**Problem to solve**
Omit every picture, then return each line of the data below exactly.

**Provided material**
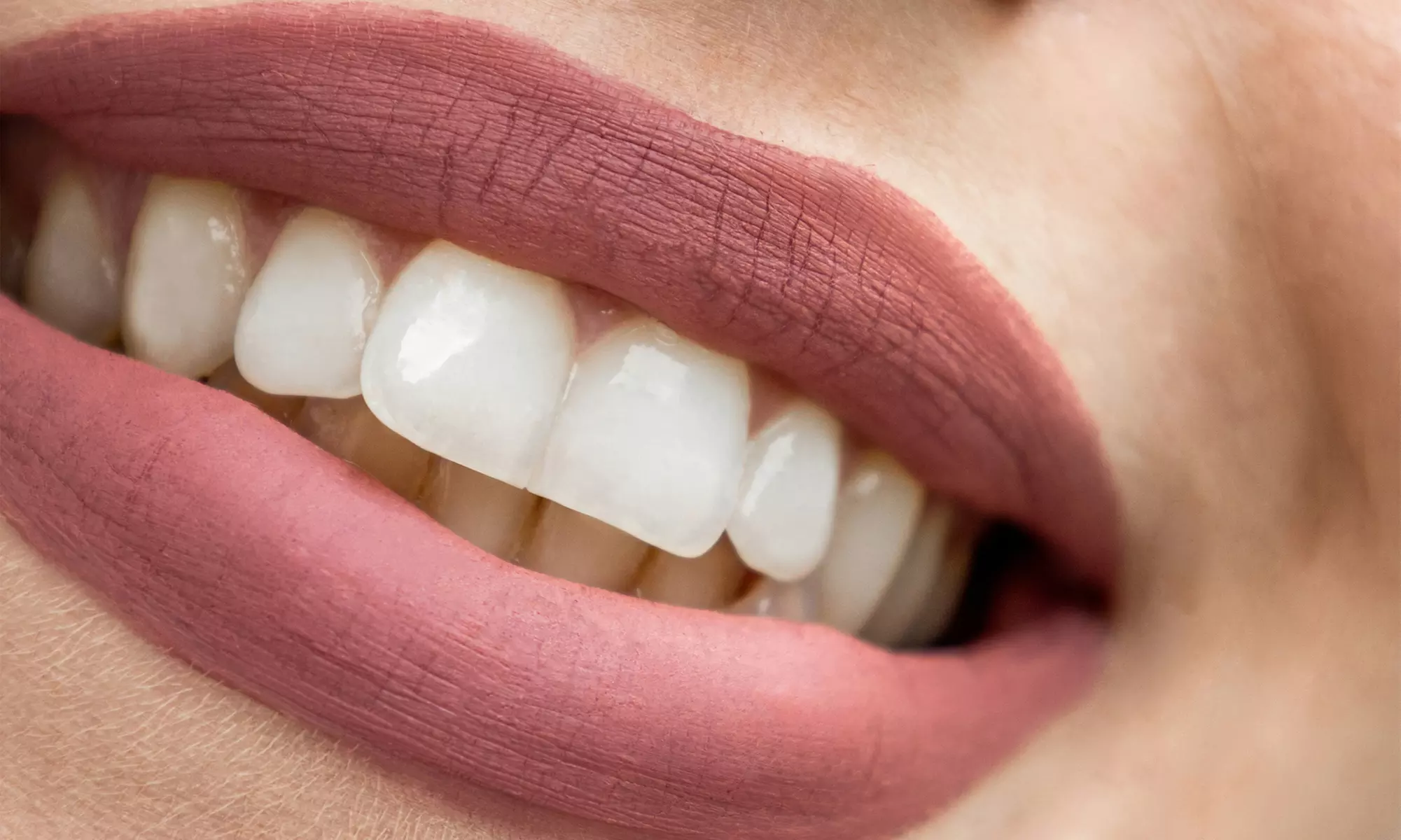 30 or 60-Minute Teeth Whitening Or 60-Minute Teeth Whitening for Two
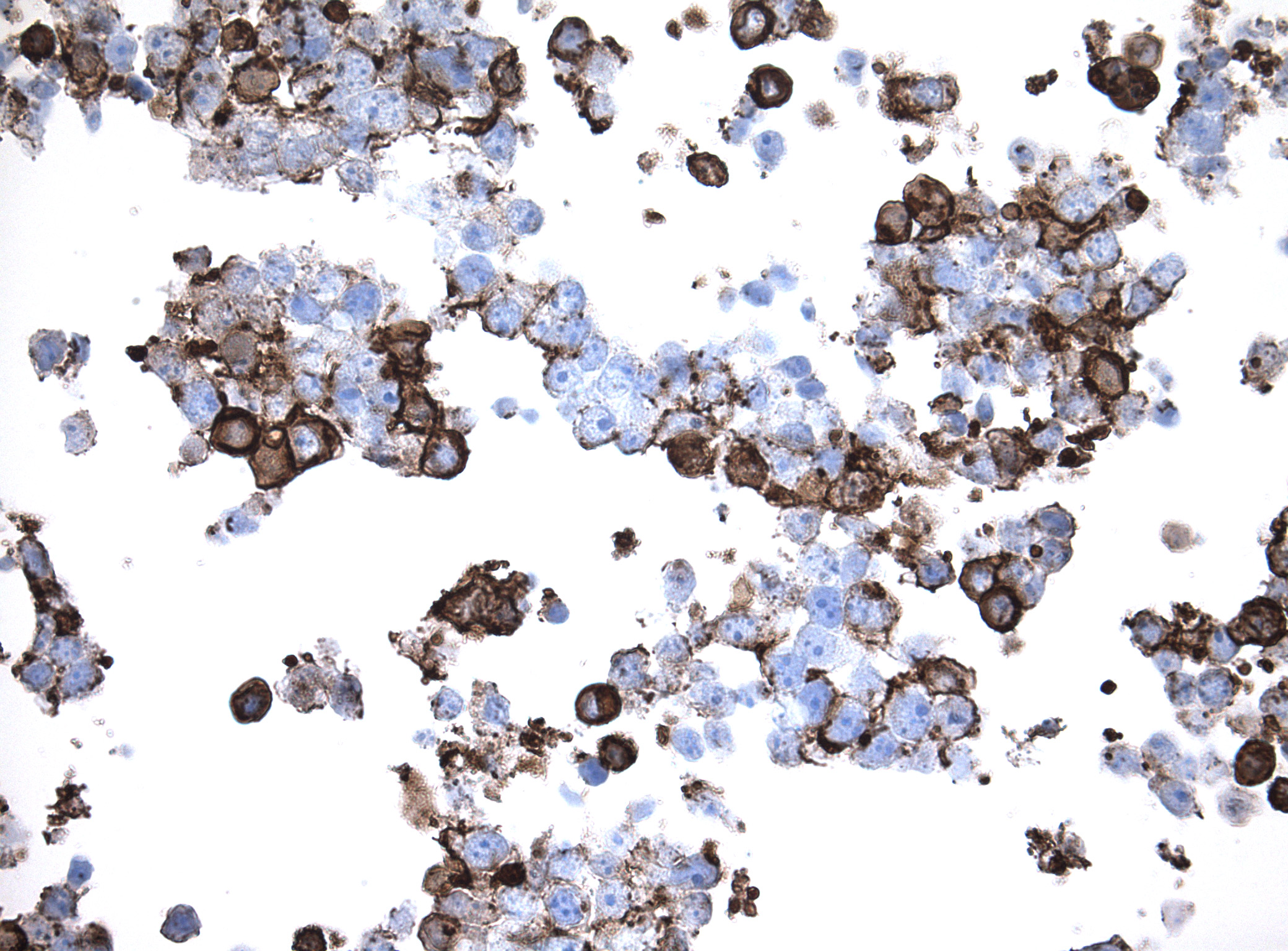 Immunohistology staining on TNF overexpressed cytosection [TS406983P5] with rabbit anti DDK clone OTIR5G2  C/N TA592569 at 1:2000 dilution 20m RT. Antibody staining was achieved with HIER Citrate pH6 , Polink1 with DAB chromogen detection kit ([D11-18]). Positive stain shown with the brown chromogen present. HEK293T cells were transfected with cDNA clone [RC206983], 5 micron sections, 40x magnification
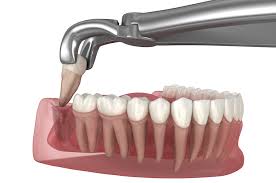 Wisdom Tooth Extractions: When Is It Necessary?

**Your response**
 30 or 60-Minute Teeth Whitening Or 60-Minute Teeth Whitening for Two
 Immunohistology staining on TNF overexpressed cytosection [TS406983P5] with rabbit anti DDK clone OTIR5G2  C/N TA592569 at 1:2000 dilution 20m RT. Antibody staining was achieved with HIER Citrate pH6 , Polink1 with DAB chromogen detection kit ([D11-18]). Positive stain shown with the brown chromogen present. HEK293T cells were transfected with cDNA clone [RC206983], 5 micron sections, 40x magnification
 Wisdom Tooth Extractions: When Is It Necessary?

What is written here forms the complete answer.